*** DATASET EXTRACT ***
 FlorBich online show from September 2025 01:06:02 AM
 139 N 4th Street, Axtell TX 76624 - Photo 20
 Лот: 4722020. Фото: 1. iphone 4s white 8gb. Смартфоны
*** End of DATASET EXTRACT ***
§ **THE TASK**: Print nothing except the lines from the line containing "139 N 4th Street, Axtell TX 76624 - Photo 20" to the end of the listing, exactly as written.

§ **RESULT FOR THIS TASK**:
 139 N 4th Street, Axtell TX 76624 - Photo 20
 Лот: 4722020. Фото: 1. iphone 4s white 8gb. Смартфоны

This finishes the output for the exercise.